There is something joyless about the whole shindig. I live in California, where the Great American Search for Happiness has its headquarters. The notice board of the cafe where I write offers a revolving loop of different paths to bliss: Maum Meditation, TransDance, Chod Training and, most oddly, the drinking of wolf colostrum. Customers jot down the phone numbers earnestly, although statistically they’d be better off joining the Republican Party.
The people taking part in “happiness pursuits,” as a rule, don’t seem very happy. At the one and only yoga class I attended, shortly after arriving in the United States, the tension and misery in the room were palpable. Which makes sense, because a person who was already feeling happy would be unlikely to waste the sensation in a sweaty room at the Y.M.C.A., voluntarily contorting into uncomfortable positions. The happy person would be more likely to be off doing something fun, like sitting in the park drinking.

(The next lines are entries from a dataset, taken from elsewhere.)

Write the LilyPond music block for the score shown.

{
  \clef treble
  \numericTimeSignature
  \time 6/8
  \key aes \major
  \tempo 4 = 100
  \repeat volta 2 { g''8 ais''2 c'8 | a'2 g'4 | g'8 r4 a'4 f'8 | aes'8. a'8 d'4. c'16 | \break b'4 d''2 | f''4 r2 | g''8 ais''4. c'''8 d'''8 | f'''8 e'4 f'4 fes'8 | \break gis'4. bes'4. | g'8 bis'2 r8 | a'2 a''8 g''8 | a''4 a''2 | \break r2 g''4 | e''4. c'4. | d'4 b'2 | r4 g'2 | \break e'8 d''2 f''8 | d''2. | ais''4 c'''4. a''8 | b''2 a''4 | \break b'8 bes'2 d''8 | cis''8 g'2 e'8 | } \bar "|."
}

Since moving to the States just shy of a year ago, I have had more conversations about my own happiness than in the whole rest of my life. The subject comes up in the park pushing swings alongside a mother I met moments before, with the man behind the fish counter in the supermarket, with my gym instructor and with our baby sitter, who arrives to put our son to bed armed with pamphlets about a nudist happiness retreat in Northern California. While the British way can be drainingly negative, The American approach to happiness can spur a debilitating anxiety. The initial sense of promise and hope is seductive, but it soon gives way to a nagging slow-burn feeling of inadequacy. Am I happy? Happy enough? As happy as everyone else? Could I be doing more about it? Even basic contentment feels like failure when pitched against capital-H Happiness. The goal is so elusive and hard to define, it’s impossible to pinpoint when it’s even been achieved — a recipe for neurosis.

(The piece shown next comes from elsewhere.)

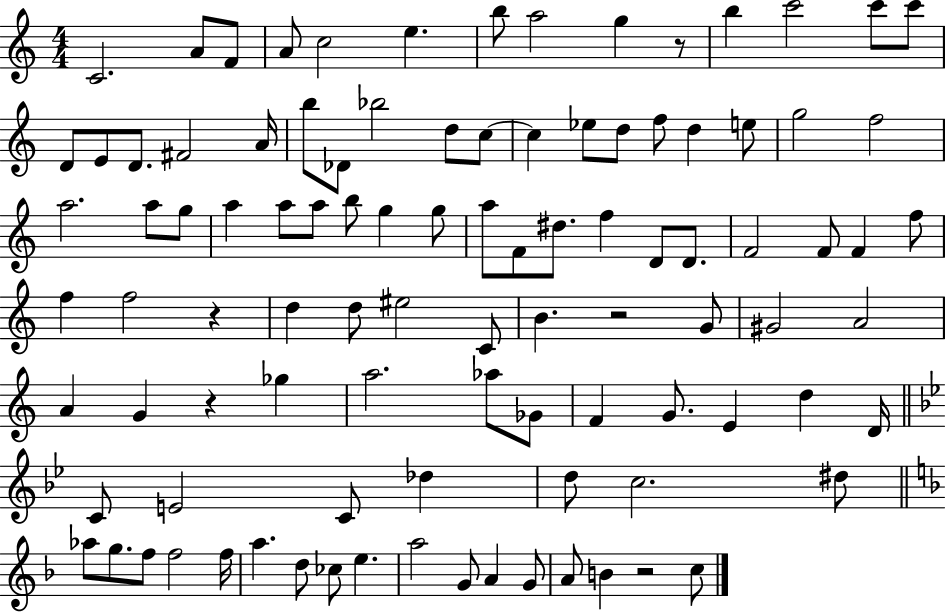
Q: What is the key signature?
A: C major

Happiness should be serendipitous, a by-product of a life well lived, and pursuing it in a vacuum doesn’t really work. This is borne out by a series of slightly depressing statistics. The most likely customer of a self-help book is a person who has bought another self-help book in the last 18 months. The General Social Survey, a prominent data-based barometer of American society, shows little change in happiness levels since 1972, when such records began. Every year, with remarkable consistency, around 33 percent of Americans report that they are “very happy.” It’s a fair chunk, but a figure that remains surprisingly constant, untouched by the uptick in Eastern meditation or evangelical Christianity, by Tony Robbins or Gretchen Rubin or attachment parenting. For all the effort Americans are putting into happiness, they are not getting any happier. It is not surprising, then, that the search itself has become a source of anxiety.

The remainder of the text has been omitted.